Elderly couple lose their £20,000 compensation bid after claiming their neighbour’s amorous bull repeatedly broke through a fence and impregnated their pedigree cow

  • Bernard Allen and wife Kathleen alleged a Belted Galloway bull was on their land
  • They say it was found ‘about 30 times’ among their livestock on Isle of Lewis
  • Alleged incidents happened between 2009 and 2010 until a fence was put up

An elderly couple have lost their £20,000 compensation bid after claiming their neighbours’ amorous bull repeatedly broke through a fence and impregnated their pedigree cow. 

Bernard Allen, 80, and his wife Kathleen, 72, of Great Bernera, Isle of Lewis, alleged Ozzie, a Belted Galloway bull, was repeatedly found on land where they kept their livestock.

They claimed the incidents compromised the status of their herd.

The Allens had sought compensation from David and Janine Hargreaves and alleged they were at fault for the poor state of a boundary fence.

Bernard Allen, 80, and his wife Kathleen, 72, of Great Bernera, Isle of Lewis, alleged Ozzie, a Belted Galloway bull, was repeatedly found on land where they kept their livestock (stock image of highland cattle)

They alleged the bull was found ‘about 30 times’ among their livestock on Great Bernera and their pure breed Highland cow then gave birth to a Belted Galloway calf.

It was claimed the incidents happened between 2009 and 2010 until a two-metre high fence was put up.

There was also an alleged incident where the bull ‘clashed’ with a bull the Allens had hired.

The Hargreaves, who later moved to Ardgay, Sutherland, denied the claims and insisted their ex-neighbours should have ensured the fence was stock-proof.

A civil action was launched by the Hargreaves at Stornoway Sheriff Court in Lewis where details of the case were heard.

But Sheriff David Sutherland has dismissed the bid as a ‘neighbour dispute’ and refused to grant damages.

He said while he was in no doubt Mrs Allen was ‘extremely distressed’ by the case he found her evidence ‘exaggerated and unreliable’.

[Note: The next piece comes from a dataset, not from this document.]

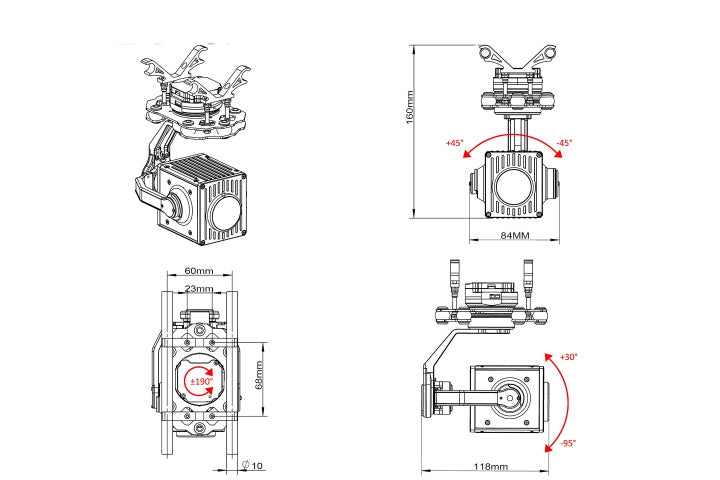 TAROT 10X-PLUS GIMBAL CAMERA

Sheriff Sutherland drew on a previous ruling by the Scottish Land Court which suggested the Allens were responsible for a disputed boundary fence.

Stock image of a Belted Galloway bull. The couple allleged one of the breed could regularly be found in their herd

Stock image of a Belted Galloway bull. The couple allleged one of the breed could regularly be found in their herd

The sheriff said: ‘I accept the evidence of Mr and Mrs Hargreaves that while their cattle did go onto the crofts belonging to the pursuers, nonetheless that was only because of the state of repair of the fence which Mr Allen was responsible for.’

He added: ‘For these reasons I do not consider that the pursuers have proved their case. As I said at the beginning, this is more of a neighbour dispute rather than anything else and it is unfortunate that we have reached this stage.

‘While this action has been raised on the basis of damage inflicted by a bull of the defenders with resultant losses, it became clear during the course of the case that it was a neighbour dispute as opposed to anything else.

‘I cannot but make comment of how unfortunate this case has been given the fact that the first named pursuer suffers serious health problems which prevented him from ever giving evidence at the court.

‘The second named pursuer also suffers disability, explaining that she could not walk more than 20 yards without becoming breathless and having to rest.’

He concluded: ‘I accept the evidence of Mr and Mrs Hargreaves that while their cattle did go onto the crofts belonging to the pursuers, nonetheless that was only because of the state of repair of the fence which Mr Allen was responsible for.’